A mutual fund suits investors who want exposure to the share market without the time or expertise to pick individual stocks. Start with an amount you can leave invested, compare a handful of schemes on the numbers, and review your holdings each time the AMCs publish fresh monthly reports.
The bottom line
For Garima Samriddhi Yojana, the numbers that matter today are its NAV of Rs 10.17, a discount of 3.83% to NAV, and an expected dividend of 4.90%. Track how it moves against every other Nepali scheme on Nepal's Capitals.
Want the latest figures, side by side for every scheme?
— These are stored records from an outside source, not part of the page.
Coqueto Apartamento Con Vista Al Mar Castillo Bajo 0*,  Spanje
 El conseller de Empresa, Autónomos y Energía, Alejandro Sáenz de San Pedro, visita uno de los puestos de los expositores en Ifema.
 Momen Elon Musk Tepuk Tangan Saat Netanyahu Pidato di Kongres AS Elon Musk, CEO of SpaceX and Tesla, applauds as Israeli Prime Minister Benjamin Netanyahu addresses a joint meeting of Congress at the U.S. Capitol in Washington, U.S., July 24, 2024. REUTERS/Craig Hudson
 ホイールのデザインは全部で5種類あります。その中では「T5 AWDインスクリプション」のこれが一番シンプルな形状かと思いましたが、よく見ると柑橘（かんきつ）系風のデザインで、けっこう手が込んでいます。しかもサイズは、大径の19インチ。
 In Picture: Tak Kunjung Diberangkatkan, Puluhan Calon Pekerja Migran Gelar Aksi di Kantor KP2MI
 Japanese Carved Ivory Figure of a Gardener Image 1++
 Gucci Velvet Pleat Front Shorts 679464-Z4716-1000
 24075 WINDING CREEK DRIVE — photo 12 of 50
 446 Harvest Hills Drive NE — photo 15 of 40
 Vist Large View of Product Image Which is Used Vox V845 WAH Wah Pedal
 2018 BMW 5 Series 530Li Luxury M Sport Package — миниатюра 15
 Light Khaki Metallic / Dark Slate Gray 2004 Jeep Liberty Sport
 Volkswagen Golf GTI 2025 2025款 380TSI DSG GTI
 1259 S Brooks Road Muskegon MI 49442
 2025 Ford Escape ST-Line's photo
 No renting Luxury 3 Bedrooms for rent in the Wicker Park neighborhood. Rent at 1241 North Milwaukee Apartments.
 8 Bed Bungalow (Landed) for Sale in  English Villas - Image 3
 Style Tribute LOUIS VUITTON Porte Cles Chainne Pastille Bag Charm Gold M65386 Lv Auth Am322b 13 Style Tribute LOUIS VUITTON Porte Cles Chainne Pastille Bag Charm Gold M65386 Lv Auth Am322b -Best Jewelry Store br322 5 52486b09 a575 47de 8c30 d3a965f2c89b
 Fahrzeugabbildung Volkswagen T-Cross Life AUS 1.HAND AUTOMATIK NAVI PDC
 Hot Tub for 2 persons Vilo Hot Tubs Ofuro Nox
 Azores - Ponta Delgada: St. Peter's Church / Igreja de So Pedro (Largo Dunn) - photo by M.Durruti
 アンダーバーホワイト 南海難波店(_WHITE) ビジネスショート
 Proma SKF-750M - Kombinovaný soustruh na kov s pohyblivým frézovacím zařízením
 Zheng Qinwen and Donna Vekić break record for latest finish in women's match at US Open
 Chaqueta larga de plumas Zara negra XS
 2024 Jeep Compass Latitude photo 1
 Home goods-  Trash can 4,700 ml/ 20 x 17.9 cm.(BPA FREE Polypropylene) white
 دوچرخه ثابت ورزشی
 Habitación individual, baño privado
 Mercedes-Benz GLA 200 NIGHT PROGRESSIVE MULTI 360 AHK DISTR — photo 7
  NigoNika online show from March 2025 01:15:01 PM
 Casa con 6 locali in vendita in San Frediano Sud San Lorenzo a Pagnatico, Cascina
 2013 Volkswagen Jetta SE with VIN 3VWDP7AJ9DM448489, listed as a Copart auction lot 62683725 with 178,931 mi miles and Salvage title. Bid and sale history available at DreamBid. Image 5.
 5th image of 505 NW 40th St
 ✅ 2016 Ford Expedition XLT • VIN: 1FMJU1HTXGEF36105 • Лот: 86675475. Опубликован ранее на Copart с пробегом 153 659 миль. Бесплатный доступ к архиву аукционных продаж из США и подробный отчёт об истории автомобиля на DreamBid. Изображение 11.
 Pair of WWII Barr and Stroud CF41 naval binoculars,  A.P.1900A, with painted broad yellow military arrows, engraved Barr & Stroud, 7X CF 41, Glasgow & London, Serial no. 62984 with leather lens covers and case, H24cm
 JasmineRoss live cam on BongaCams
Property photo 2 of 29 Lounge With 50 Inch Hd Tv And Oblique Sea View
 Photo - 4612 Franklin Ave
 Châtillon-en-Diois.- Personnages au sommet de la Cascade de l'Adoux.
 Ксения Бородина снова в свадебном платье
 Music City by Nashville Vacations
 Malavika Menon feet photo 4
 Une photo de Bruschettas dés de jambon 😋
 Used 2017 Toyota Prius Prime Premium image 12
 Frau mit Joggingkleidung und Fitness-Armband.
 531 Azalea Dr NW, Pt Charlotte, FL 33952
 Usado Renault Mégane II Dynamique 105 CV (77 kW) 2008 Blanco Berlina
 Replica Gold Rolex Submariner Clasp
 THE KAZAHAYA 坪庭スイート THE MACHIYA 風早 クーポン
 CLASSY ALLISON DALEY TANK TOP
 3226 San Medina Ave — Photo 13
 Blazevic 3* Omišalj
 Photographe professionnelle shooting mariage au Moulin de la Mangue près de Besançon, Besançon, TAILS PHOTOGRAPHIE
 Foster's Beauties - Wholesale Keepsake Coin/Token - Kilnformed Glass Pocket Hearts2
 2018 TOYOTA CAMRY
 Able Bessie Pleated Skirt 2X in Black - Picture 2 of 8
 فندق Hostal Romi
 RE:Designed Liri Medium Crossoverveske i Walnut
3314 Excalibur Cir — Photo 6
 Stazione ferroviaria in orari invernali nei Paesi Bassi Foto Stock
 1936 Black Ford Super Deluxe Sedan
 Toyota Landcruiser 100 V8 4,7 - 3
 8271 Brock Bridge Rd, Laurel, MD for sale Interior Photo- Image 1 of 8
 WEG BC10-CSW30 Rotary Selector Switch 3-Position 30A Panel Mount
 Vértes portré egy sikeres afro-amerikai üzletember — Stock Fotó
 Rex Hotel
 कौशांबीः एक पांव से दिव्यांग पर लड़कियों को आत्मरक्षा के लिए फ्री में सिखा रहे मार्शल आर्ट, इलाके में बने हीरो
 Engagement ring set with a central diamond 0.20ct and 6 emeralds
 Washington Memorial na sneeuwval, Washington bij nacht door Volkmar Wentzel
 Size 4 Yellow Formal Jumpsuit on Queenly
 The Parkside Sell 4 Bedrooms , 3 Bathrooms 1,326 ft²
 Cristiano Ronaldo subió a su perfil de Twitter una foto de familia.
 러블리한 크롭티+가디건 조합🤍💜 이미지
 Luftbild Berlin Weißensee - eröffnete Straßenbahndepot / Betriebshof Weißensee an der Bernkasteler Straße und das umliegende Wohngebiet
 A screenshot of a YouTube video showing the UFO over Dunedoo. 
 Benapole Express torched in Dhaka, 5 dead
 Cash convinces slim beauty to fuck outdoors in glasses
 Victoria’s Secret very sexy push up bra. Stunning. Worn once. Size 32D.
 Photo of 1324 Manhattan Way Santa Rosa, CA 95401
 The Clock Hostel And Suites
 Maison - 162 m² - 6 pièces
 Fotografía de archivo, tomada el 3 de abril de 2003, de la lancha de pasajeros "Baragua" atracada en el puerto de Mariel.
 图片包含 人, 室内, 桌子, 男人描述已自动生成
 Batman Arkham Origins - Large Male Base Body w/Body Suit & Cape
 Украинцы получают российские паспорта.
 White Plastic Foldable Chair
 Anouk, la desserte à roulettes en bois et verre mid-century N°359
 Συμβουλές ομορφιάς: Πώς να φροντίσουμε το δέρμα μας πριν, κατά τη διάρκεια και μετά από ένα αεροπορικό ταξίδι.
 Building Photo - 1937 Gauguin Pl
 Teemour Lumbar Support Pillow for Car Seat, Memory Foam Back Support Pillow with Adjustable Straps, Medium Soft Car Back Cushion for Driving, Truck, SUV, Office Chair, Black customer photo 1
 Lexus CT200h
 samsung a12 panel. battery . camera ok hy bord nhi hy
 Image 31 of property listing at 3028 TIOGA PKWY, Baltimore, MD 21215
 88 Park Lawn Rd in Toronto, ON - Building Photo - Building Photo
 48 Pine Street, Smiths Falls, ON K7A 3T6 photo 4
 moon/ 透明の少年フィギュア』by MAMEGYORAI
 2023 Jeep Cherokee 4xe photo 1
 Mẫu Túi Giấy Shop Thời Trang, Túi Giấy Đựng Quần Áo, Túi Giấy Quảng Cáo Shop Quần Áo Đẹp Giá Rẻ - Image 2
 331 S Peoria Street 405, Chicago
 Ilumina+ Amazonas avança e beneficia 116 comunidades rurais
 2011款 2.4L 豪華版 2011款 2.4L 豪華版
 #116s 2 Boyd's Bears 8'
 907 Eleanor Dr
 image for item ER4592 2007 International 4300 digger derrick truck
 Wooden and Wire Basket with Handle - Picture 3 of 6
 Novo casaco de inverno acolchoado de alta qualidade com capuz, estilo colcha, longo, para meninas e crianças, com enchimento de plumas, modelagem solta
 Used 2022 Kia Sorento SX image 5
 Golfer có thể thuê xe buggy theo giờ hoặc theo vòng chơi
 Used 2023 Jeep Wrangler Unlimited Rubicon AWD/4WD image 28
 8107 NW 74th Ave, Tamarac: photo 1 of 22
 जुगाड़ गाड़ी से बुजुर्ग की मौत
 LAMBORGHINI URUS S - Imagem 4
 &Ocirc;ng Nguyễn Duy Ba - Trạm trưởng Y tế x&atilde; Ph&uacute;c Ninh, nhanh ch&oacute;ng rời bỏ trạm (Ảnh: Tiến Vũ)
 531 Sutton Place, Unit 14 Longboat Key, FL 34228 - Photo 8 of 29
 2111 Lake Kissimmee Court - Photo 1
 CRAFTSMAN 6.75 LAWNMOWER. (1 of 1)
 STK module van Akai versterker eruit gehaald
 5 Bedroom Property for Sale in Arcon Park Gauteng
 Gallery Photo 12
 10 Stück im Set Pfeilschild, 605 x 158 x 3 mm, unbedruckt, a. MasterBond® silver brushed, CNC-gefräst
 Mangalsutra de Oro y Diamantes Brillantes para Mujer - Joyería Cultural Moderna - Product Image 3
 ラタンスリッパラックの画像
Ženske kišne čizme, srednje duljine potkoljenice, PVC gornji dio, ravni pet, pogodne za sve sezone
Open the live dashboard on Nepal's Capitals - refreshed each trading day, straight from the source.
Frequently Asked Questions
What is the NAV of GSY today?
The latest published NAV is Rs 10.17 per unit, updated from Garima Capital's monthly report.
Is GSY open-end or closed-end?
GSY is a closed-end scheme, so it trades on NEPSE and can carry a premium or discount to NAV.
Who manages GSY?
The scheme is managed by Garima Capital, a SEBON-licensed fund house.
Does GSY pay a dividend?
Its expected distributable dividend is about 4.90%. Actual payouts are declared by the AMC.
How do I buy GSY?
Buy it on NEPSE through your broker's TMS with a demat and MeroShare account.
Disclaimer. This article is informational and is not investment advice or a recommendation to buy or sell any security. Every figure is sourced from primary AMC disclosures and SEBON filings and is recomputed each trading day. Confirm the latest numbers before acting.